Entries taken from a collection
....................

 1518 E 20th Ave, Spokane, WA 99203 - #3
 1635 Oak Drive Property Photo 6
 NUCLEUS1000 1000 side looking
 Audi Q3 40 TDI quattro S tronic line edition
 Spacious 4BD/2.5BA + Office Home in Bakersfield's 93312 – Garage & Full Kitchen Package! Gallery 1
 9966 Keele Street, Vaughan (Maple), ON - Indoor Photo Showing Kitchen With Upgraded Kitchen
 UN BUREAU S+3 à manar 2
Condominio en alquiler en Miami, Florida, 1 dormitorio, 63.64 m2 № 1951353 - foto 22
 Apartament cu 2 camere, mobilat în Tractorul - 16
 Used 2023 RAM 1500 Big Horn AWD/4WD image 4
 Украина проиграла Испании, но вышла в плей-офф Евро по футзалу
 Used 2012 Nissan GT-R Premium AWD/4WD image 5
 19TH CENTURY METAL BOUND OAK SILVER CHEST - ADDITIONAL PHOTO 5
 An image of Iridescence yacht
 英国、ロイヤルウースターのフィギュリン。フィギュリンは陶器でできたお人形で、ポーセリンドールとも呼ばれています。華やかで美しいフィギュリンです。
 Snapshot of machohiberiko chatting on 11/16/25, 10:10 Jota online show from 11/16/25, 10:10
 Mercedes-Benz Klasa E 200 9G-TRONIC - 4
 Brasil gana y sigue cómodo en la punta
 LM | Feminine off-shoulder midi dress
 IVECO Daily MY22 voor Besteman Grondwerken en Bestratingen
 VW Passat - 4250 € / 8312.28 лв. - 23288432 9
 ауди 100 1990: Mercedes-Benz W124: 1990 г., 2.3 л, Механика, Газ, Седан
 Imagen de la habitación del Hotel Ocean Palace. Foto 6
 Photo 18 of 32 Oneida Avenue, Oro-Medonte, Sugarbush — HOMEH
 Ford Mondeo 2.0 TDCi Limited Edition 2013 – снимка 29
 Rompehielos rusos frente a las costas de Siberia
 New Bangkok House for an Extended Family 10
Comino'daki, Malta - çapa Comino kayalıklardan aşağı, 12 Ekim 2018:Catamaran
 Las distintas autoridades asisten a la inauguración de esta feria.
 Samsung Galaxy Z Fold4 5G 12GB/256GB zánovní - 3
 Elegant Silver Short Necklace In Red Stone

....................

WHAT IS BEING ASKED: Every line above from the line with "An image of Iridescence yacht" to the line with "Samsung Galaxy Z" is wanted, ends included; write them out exactly and add no other line.

ANSWER BELOW:
 An image of Iridescence yacht
 英国、ロイヤルウースターのフィギュリン。フィギュリンは陶器でできたお人形で、ポーセリンドールとも呼ばれています。華やかで美しいフィギュリンです。
 Snapshot of machohiberiko chatting on 11/16/25, 10:10 Jota online show from 11/16/25, 10:10
 Mercedes-Benz Klasa E 200 9G-TRONIC - 4
 Brasil gana y sigue cómodo en la punta
 LM | Feminine off-shoulder midi dress
 IVECO Daily MY22 voor Besteman Grondwerken en Bestratingen
 VW Passat - 4250 € / 8312.28 лв. - 23288432 9
 ауди 100 1990: Mercedes-Benz W124: 1990 г., 2.3 л, Механика, Газ, Седан
 Imagen de la habitación del Hotel Ocean Palace. Foto 6
 Photo 18 of 32 Oneida Avenue, Oro-Medonte, Sugarbush — HOMEH
 Ford Mondeo 2.0 TDCi Limited Edition 2013 – снимка 29
 Rompehielos rusos frente a las costas de Siberia
 New Bangkok House for an Extended Family 10
Comino'daki, Malta - çapa Comino kayalıklardan aşağı, 12 Ekim 2018:Catamaran
 Las distintas autoridades asisten a la inauguración de esta feria.
 Samsung Galaxy Z Fold4 5G 12GB/256GB zánovní - 3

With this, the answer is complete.